On Thu, Jul 20, 2023 at 02:27:50PM -0400, Jeff Layton wrote:
> On Thu, 2023-07-20 at 18:59 +0100, Matthew Wilcox wrote:
> > On Thu, Jul 20, 2023 at 07:50:47PM +0200, John Paul Adrian Glaubitz wrote:
> > > > Then we should delete the HFS/HFS+ filesystems.  They're orphaned in
> > > > MAINTAINERS and if distros are going to do such a damnfool thing,
> > > > then we must stop them.
> > > 
> > > Both HFS and HFS+ work perfectly fine. And if distributions or users are so
> > > sensitive about security, it's up to them to blacklist individual features
> > > in the kernel.
> > > 
> > > Both HFS and HFS+ have been the default filesystem on MacOS for 30 years
> > > and I don't think it's justified to introduce such a hard compatibility
> > > breakage just because some people are worried about theoretical evil
> > > maid attacks.
> > > 
> > > HFS/HFS+ mandatory if you want to boot Linux on a classic Mac or PowerMac
> > > and I don't think it's okay to break all these systems running Linux.
> > 
> > If they're so popular, then it should be no trouble to find somebody
> > to volunteer to maintain those filesystems.  Except they've been
> > marked as orphaned since 2011 and effectively were orphaned several
> > years before that (the last contribution I see from Roman Zippel is
> > in 2008, and his last contribution to hfs was in 2006).
> 
> I suspect that this is one of those catch-22 situations: distros are
> going to enable every feature under the sun. That doesn't mean that
> anyone is actually _using_ them these days.
> 
> Is "staging" still a thing?
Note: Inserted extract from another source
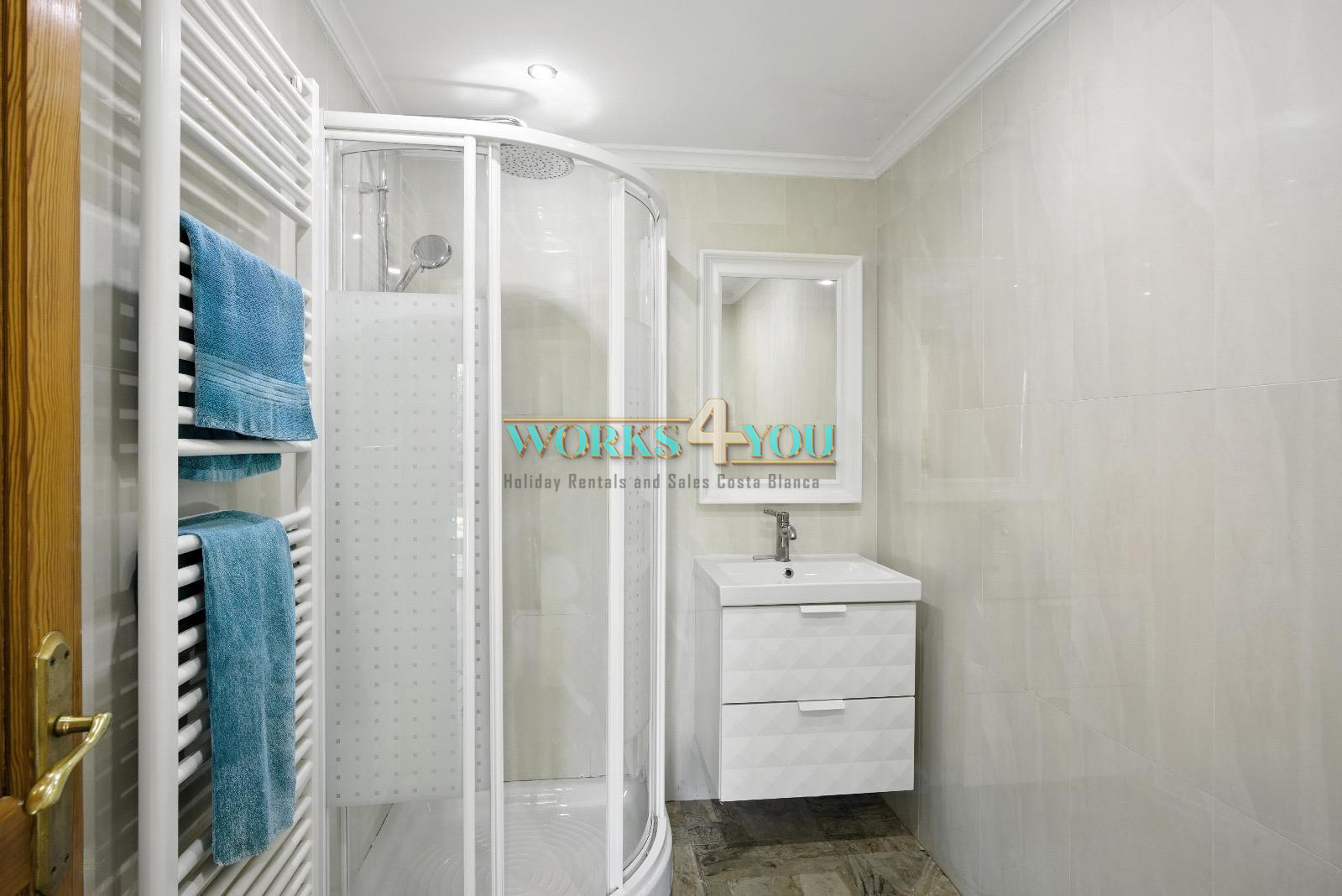 Large completely renovated 7 bedroom villa located in the beautiful Campo of Javea – foto 47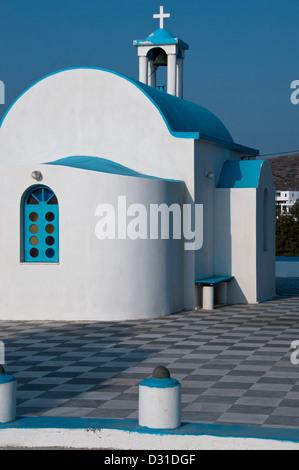 Eine typische griechische Kirche mit weißen Wänden und einem gemalten blauen Dach auf Milos in den Kykladen, Griechenland. Stockfoto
Maybe we should move these drivers into the
> staging directory and pick a release where we'll sunset it, and then see
> who comes out of the woodwork?

No, the train wreck of filesystems in staging proved that it wasn't
a viable process.

We should just follow the same process as we are using for reiser -
mark it as deprecated in place, pick a date that we are going to
remove it, then add a warning (both runtime, in kconfig and probably
in the kernel filesystem documentation) that it is deprecated and
support is going to be removed at a certain date.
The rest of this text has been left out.